• Exercise instructions
The full listing below must be printed exactly, word for word.

• Task inputs
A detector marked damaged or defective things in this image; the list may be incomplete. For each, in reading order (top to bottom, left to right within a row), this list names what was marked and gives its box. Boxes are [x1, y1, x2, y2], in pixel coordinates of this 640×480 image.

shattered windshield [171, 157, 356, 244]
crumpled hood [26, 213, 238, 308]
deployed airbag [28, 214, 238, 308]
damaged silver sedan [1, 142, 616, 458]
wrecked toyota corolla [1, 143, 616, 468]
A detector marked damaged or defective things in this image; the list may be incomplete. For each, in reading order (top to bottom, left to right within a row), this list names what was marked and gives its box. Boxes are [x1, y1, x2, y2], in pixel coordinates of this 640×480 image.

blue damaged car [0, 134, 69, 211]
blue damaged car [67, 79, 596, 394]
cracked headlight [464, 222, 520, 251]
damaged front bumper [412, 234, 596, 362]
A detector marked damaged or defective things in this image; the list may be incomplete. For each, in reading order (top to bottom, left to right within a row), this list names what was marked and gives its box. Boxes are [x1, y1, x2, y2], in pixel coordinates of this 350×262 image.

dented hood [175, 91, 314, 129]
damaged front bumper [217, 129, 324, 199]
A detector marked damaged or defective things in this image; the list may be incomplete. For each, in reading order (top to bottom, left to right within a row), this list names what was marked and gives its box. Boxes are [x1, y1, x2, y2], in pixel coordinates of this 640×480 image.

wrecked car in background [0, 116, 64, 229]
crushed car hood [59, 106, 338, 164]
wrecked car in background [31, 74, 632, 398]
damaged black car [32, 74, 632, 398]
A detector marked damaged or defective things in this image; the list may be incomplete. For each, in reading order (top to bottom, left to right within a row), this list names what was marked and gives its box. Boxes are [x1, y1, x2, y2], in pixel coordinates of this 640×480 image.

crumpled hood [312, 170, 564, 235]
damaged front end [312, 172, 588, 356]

• Response to this task
A detector marked damaged or defective things in this image; the list may be incomplete. For each, in reading order (top to bottom, left to right within a row), this list names what was marked and gives its box. Boxes are [x1, y1, x2, y2], in pixel coordinates of this 640×480 image.

shattered windshield [171, 157, 356, 244]
crumpled hood [26, 213, 238, 308]
deployed airbag [28, 214, 238, 308]
damaged silver sedan [1, 142, 616, 458]
wrecked toyota corolla [1, 143, 616, 468]
A detector marked damaged or defective things in this image; the list may be incomplete. For each, in reading order (top to bottom, left to right within a row), this list names what was marked and gives its box. Boxes are [x1, y1, x2, y2], in pixel coordinates of this 640×480 image.

blue damaged car [0, 134, 69, 211]
blue damaged car [67, 79, 596, 394]
cracked headlight [464, 222, 520, 251]
damaged front bumper [412, 234, 596, 362]
A detector marked damaged or defective things in this image; the list may be incomplete. For each, in reading order (top to bottom, left to right within a row), this list names what was marked and gives its box. Boxes are [x1, y1, x2, y2], in pixel coordinates of this 350×262 image.

dented hood [175, 91, 314, 129]
damaged front bumper [217, 129, 324, 199]
A detector marked damaged or defective things in this image; the list may be incomplete. For each, in reading order (top to bottom, left to right within a row), this list names what was marked and gives its box. Boxes are [x1, y1, x2, y2], in pixel coordinates of this 640×480 image.

wrecked car in background [0, 116, 64, 229]
crushed car hood [59, 106, 338, 164]
wrecked car in background [31, 74, 632, 398]
damaged black car [32, 74, 632, 398]
A detector marked damaged or defective things in this image; the list may be incomplete. For each, in reading order (top to bottom, left to right within a row), this list names what was marked and gives its box. Boxes are [x1, y1, x2, y2], in pixel coordinates of this 640×480 image.

crumpled hood [312, 170, 564, 235]
damaged front end [312, 172, 588, 356]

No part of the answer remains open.